In the rapidly evolving landscape of artificial intelligence, Large Language Models (LLMs) have become indispensable tools, offering unparalleled capabilities in understanding and generating human-like text. Traditionally, these models have been deployed in data centers equipped with powerful GPUs, but there’s a growing trend to bring these capabilities to more ubiquitous devices like smartphones. This shift aims to leverage rich personal data while maintaining privacy by keeping computations local. However, deploying LLMs on smartphones presents significant challenges due to their limited processing power and memory. Enter PowerInfer-2, a groundbreaking framework from the Institute of Parallel and Distributed Systems (IPADS) at Shanghai Jiao Tong University, designed to tackle these challenges head-on.
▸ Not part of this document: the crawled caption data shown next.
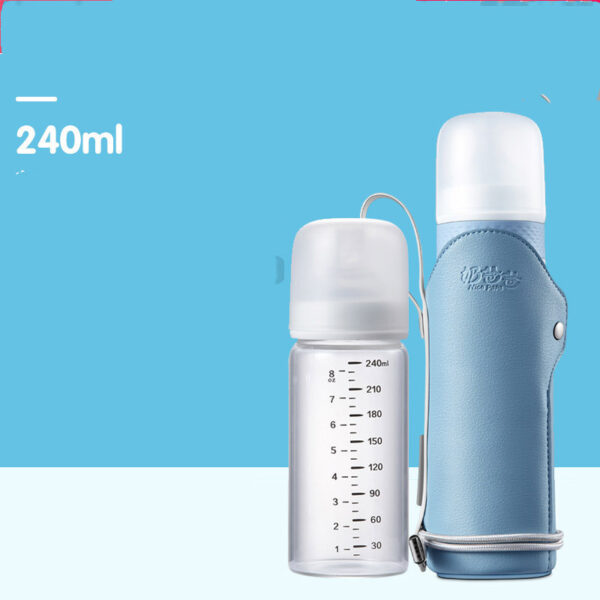 Quick Flush Baby Bottle Baby Bottle Warmer Milk Regulator - Image 8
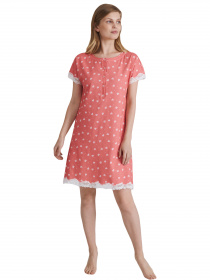 Нічна сорочка Ellen модель LDK1201101 Фото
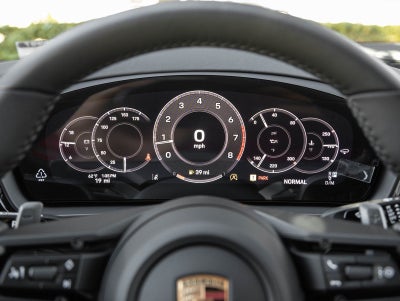 2026 Porsche Cayenne Cayenne Coupe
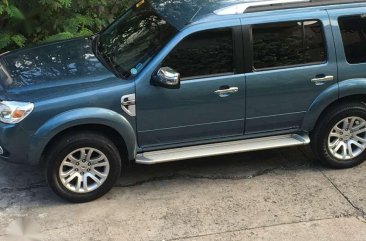 2014 Ford Everest automatic FOR SALE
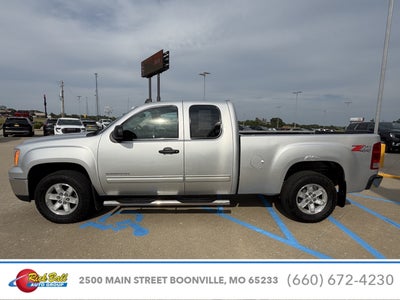 2012 GMC Sierra 1500 SLE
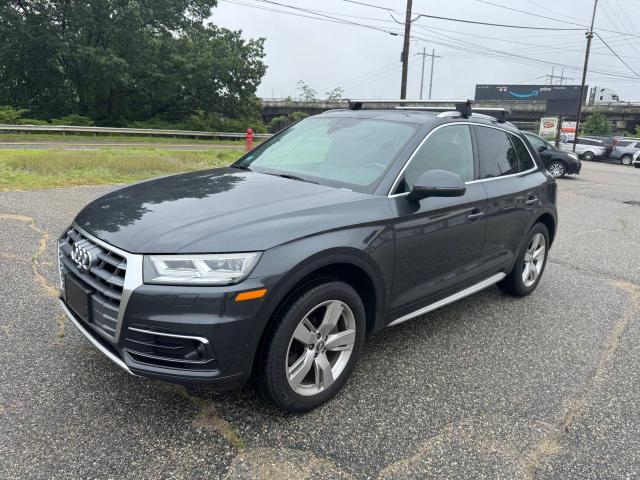  AUDI Q5 2019 Gray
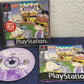 Rugrats Studio Tour Sony Playstation 1 (PS1) Game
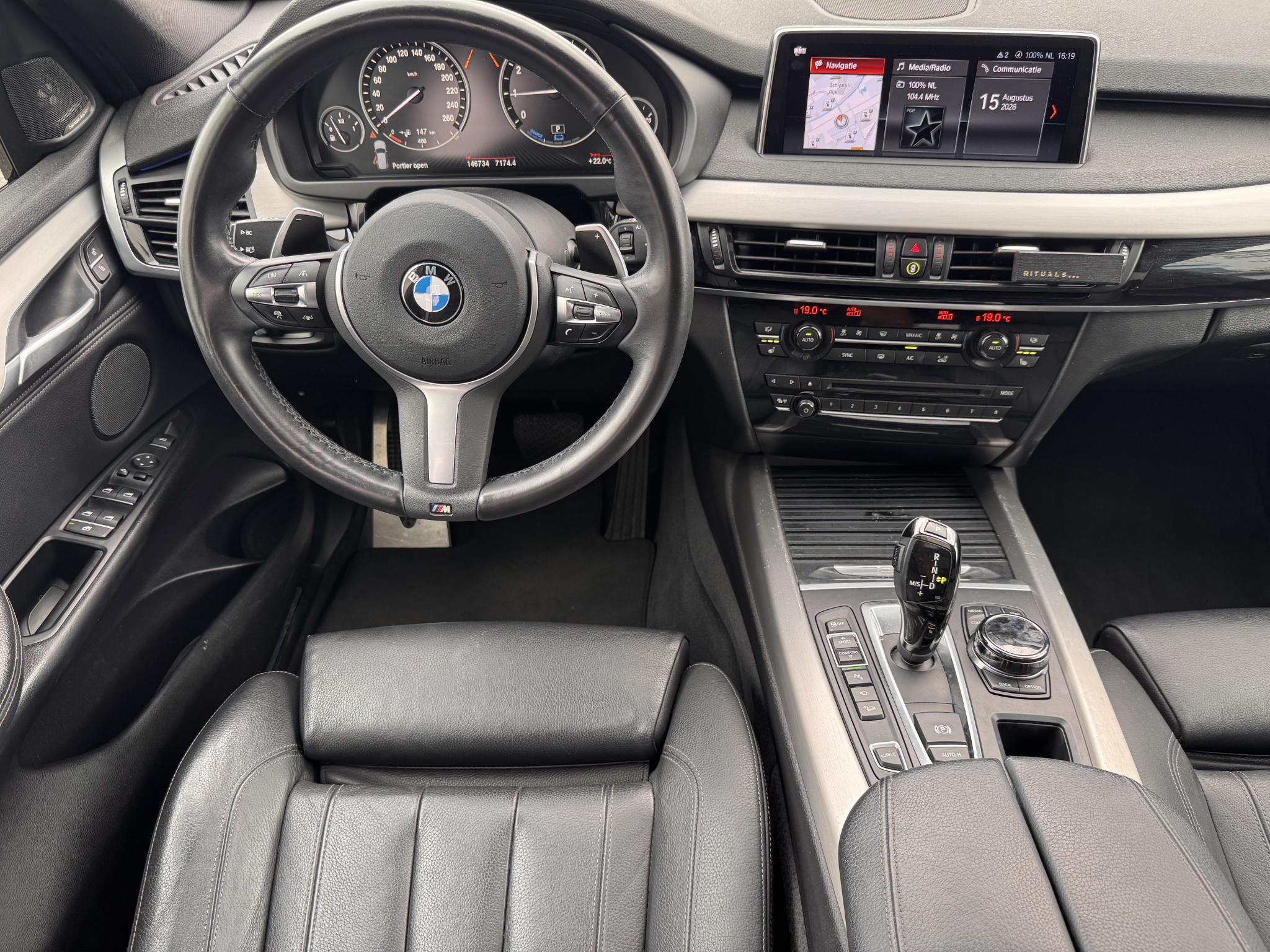 Foto van BMW X5 Xdrive40e Iperformance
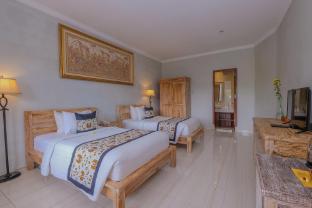 Pondok Sebatu Villa,Gianyar>>Bali,4 star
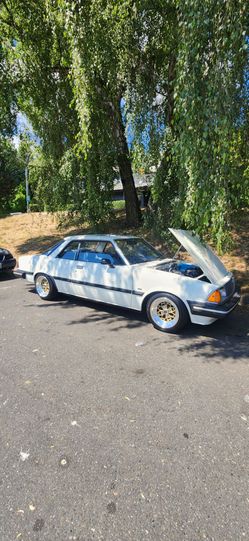 1982 Mazda 626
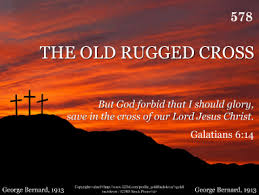 the old rugged cross r j stevens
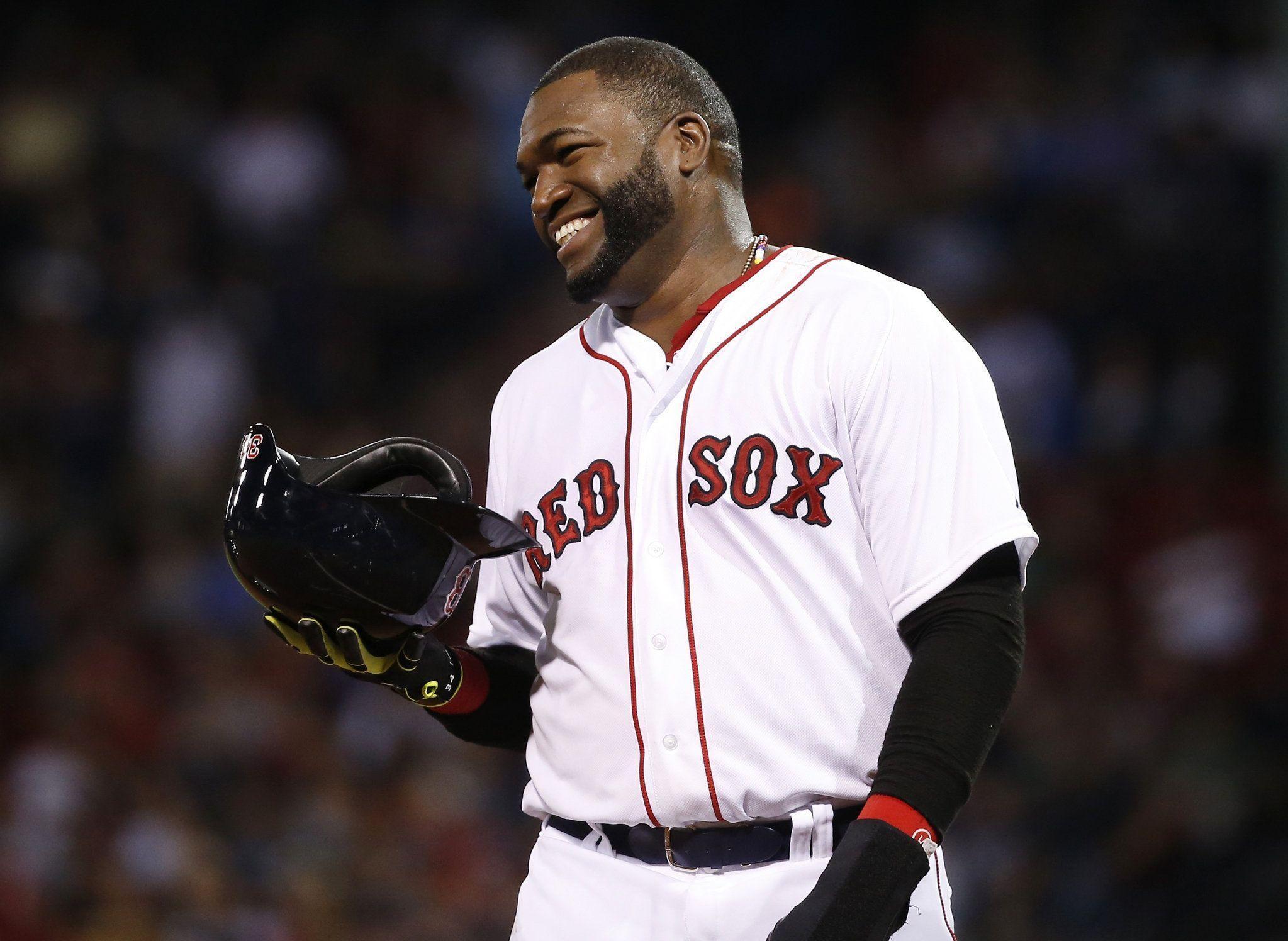 David Ortiz Wallpapers Wallpaper Cave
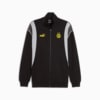 Зображення Puma Олімпійка Borussia Dortmund FtblArchive Track Jacket #6: PUMA Black-Cool Mid Gray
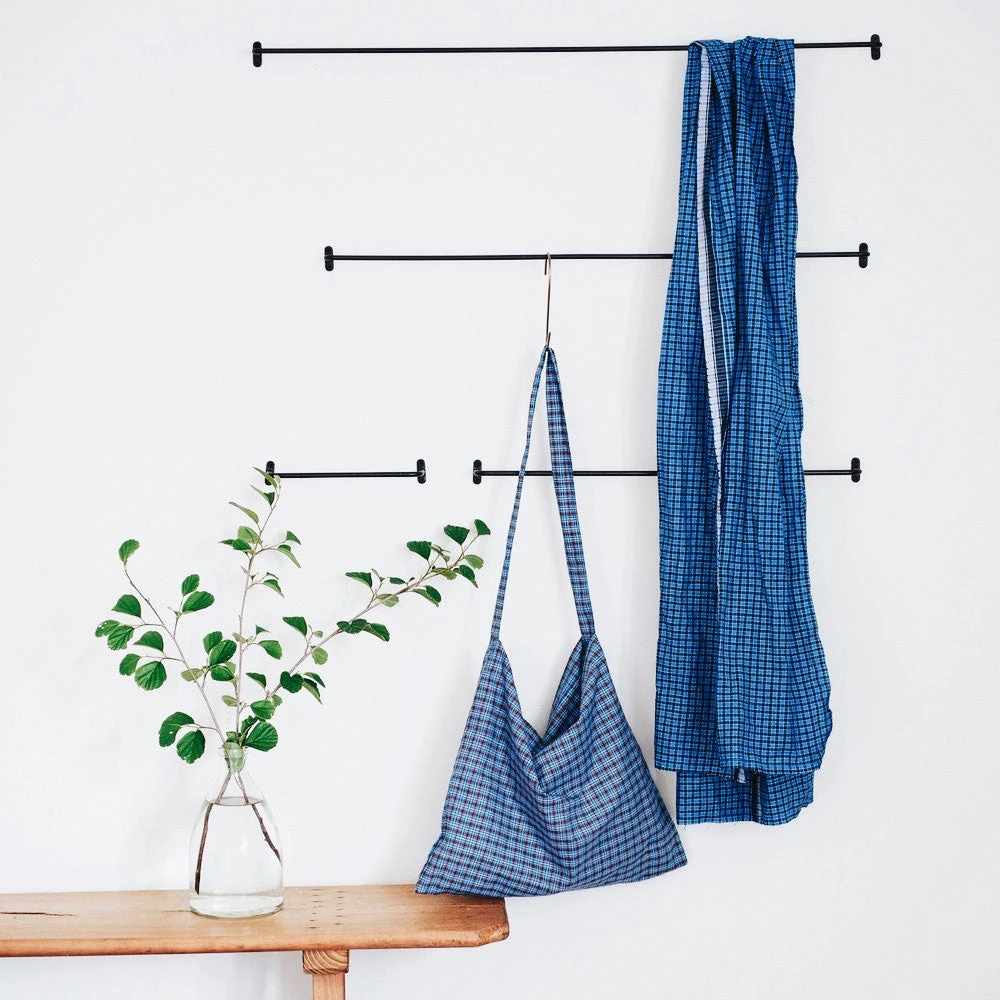 Iron Towel Bar 6 Iron Towel Bar - Image 4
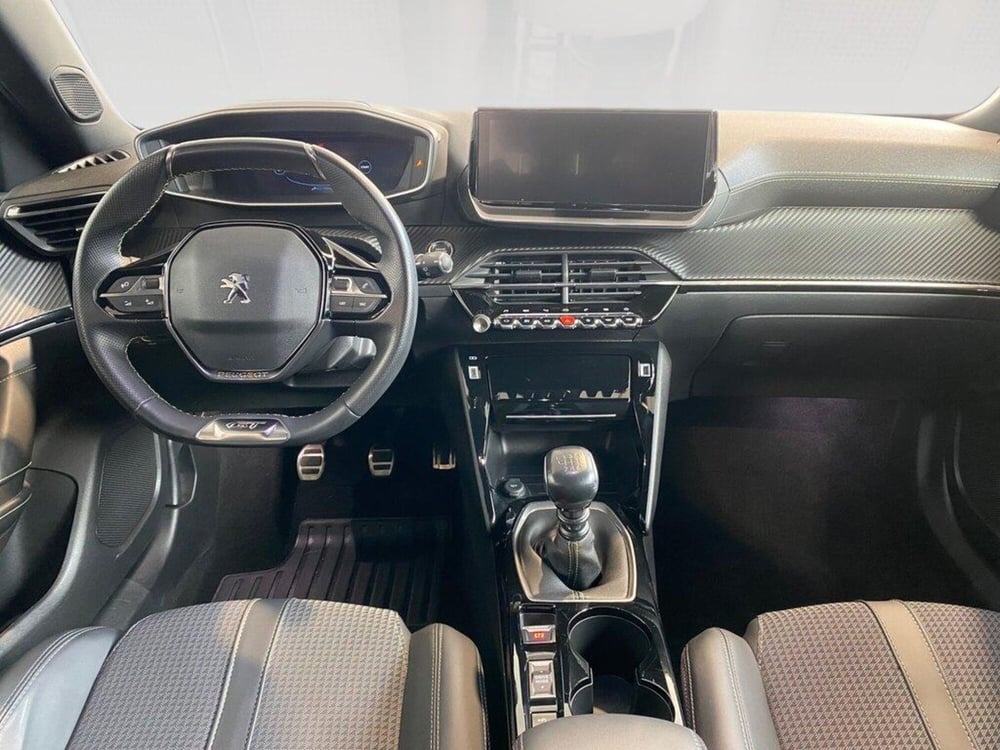 Peugeot 2008 usata a Torino (6)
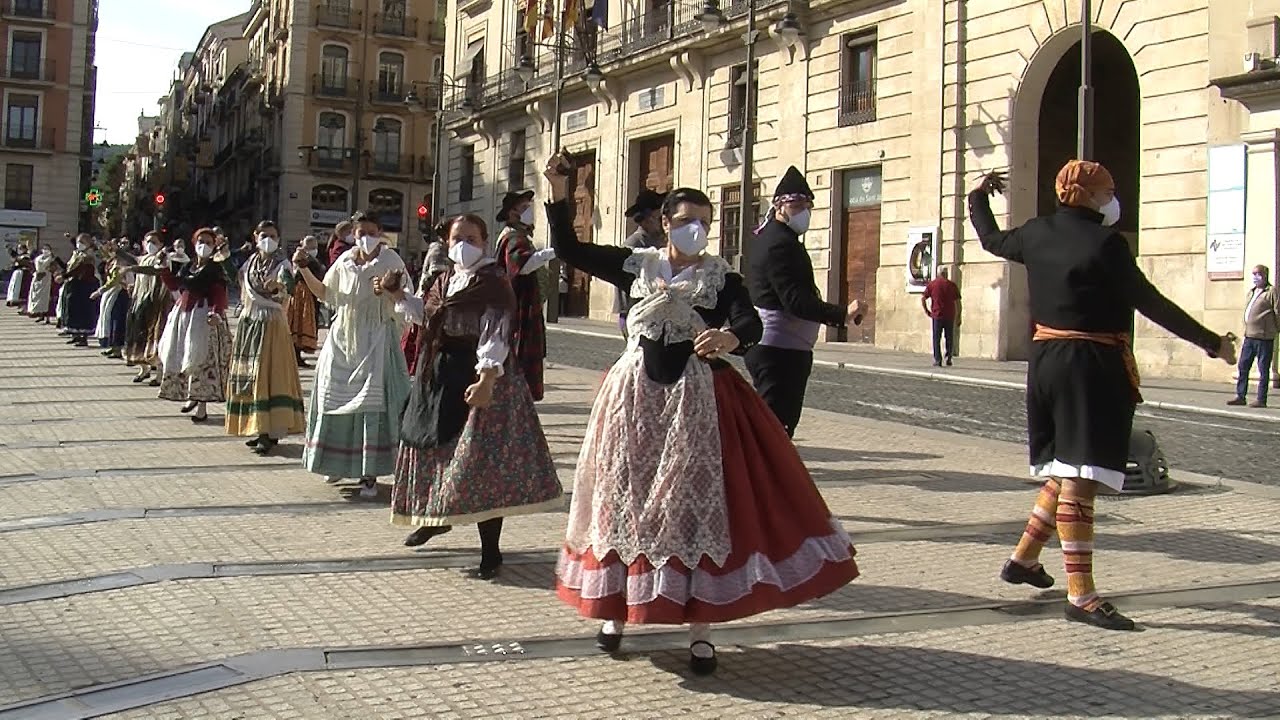 Hui Toca Especial 9 d'Octubre 2020 a Alcoi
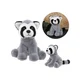 Charlie Bears Charlie Bears Maskota mivka, iz serije Cuddle Cubs, majhen pliš, idealen za dojenčke, 13 cm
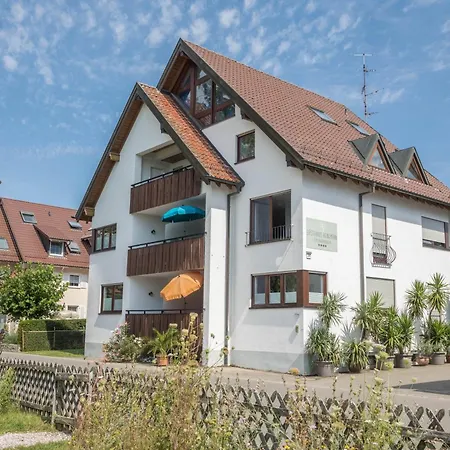 Gaestehaus Heinemann - Og4 Apartamento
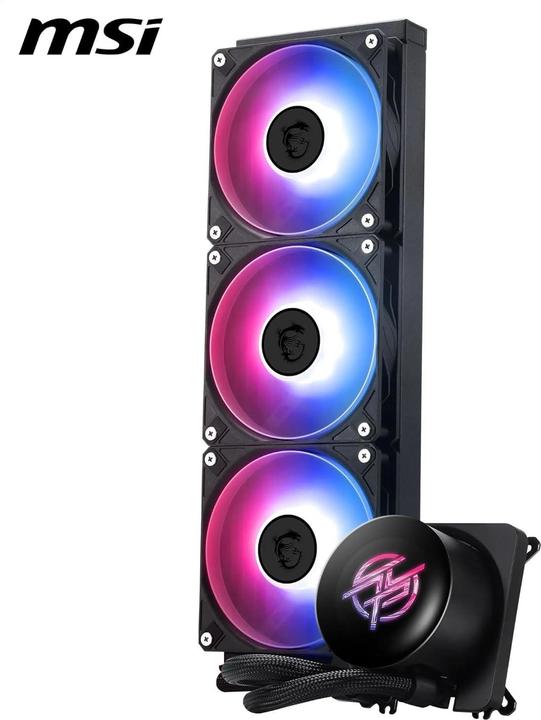 Actual product image MSI MPG CoreLiquid P13 360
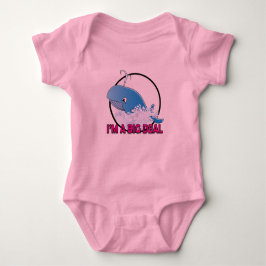 Baby Jersey Bodykostym T Shirt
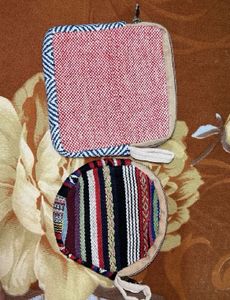 Himalayan Hemp Pouches
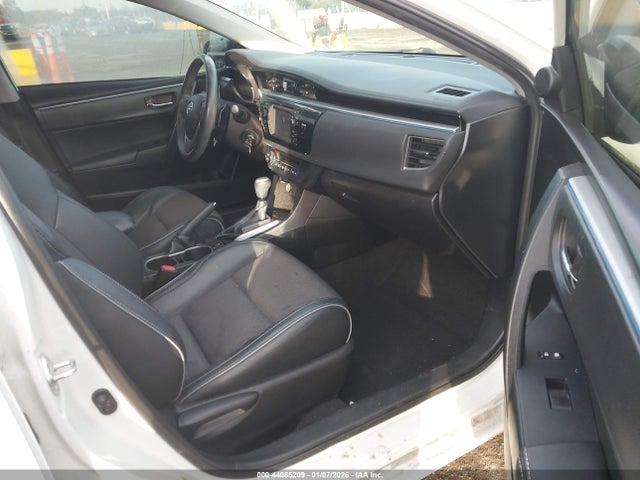 Toyota Corolla S Plus 2014 5YFBURHE4EP090977 Image 5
Introduction to PowerInfer-2
PowerInfer-2 is an innovative framework specifically engineered for high-speed inference of LLMs on smartphones, even for models whose sizes exceed the device’s memory capacity. The key to PowerInfer-2’s success lies in its ability to utilize the heterogeneous computation, memory, and I/O resources available in modern smartphones. By decomposing traditional matrix computations into fine-grained neuron cluster computations, PowerInfer-2 significantly enhances inference speed and efficiency.
Key Features of PowerInfer-2
Polymorphic Neuron Engine: Adapts computational strategies for various stages of LLM inference.
Segmented Neuron Caching: Minimizes and conceals I/O overhead.
Fine-Grained Neuron-Cluster-Level Pipelining: Reduces computational delays caused by I/O operations.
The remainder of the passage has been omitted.